SYNOPSIS: The Bush administration knows everything out political pandering but very little about making policy
The day after the Republican triumph in the midterm elections, a jubilant Trent Lott held a celebratory press conference. "Let's roll!" he exulted. (Good taste is not one of Mr. Lott's strong points.)
Six weeks later, we have to ask: Roll where (aside from Baghdad)? The storm that has broken over Mr. Lott's head is justified. But it may also reflect buyers' remorse: post-election polls suggest broad public unease about where Mr. Lott's party is taking us.
It's not even clear what the Bush administration wants to accomplish now that it has full control. Until now the administration has been all politics and no policy: John J. DiIulio tells us that there is a "complete lack of a policy apparatus," that all decisions are made by the political arm. For the past two years domestic policy has consisted of little more than checking off the boxes on a wish list drawn up circa 1999.
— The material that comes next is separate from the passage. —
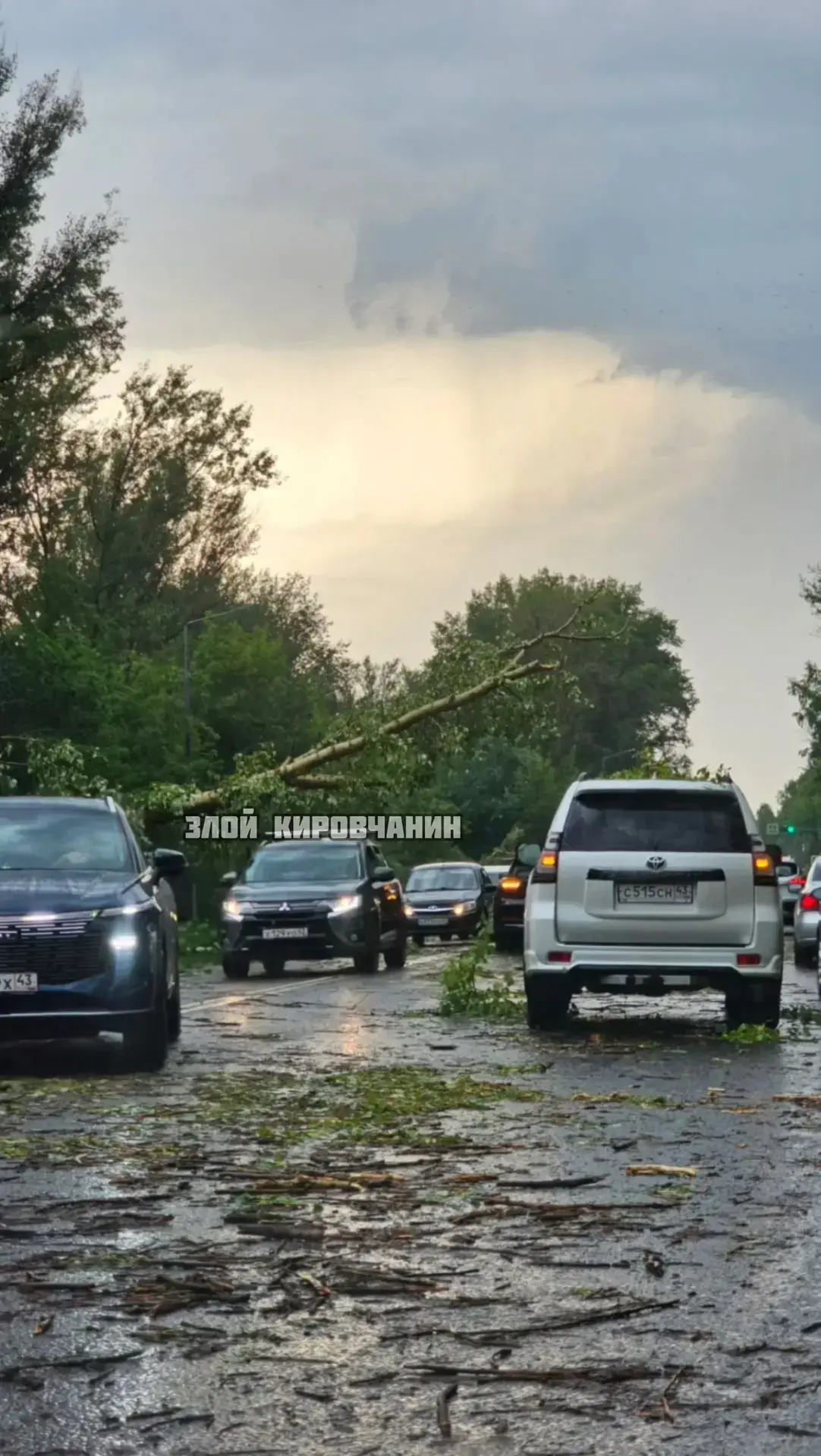 Последствия сильного ветра в Кирове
Meanwhile, as problems that weren't anticipated in 1999 have arisen, the administration has done as little as possible, as late as possible.
This has been true even in the areas where George W. Bush gets highest marks from voters. Remember that the administration repeatedly rejected calls for a homeland security agency, changing its mind only when Coleen Rowley went public with tales of intelligence failures. And a growing chorus of critics say that hardly anything real has been done to make the country safer.
Similarly, the administration tried to prevent any independent inquiry into what went wrong on Sept. 11, and how to avoid future attacks. Then, when he could no longer avoid an inquiry, Mr. Bush did his best to undermine that inquiry's credibility by choosing Henry Kissinger, of all people, to head it.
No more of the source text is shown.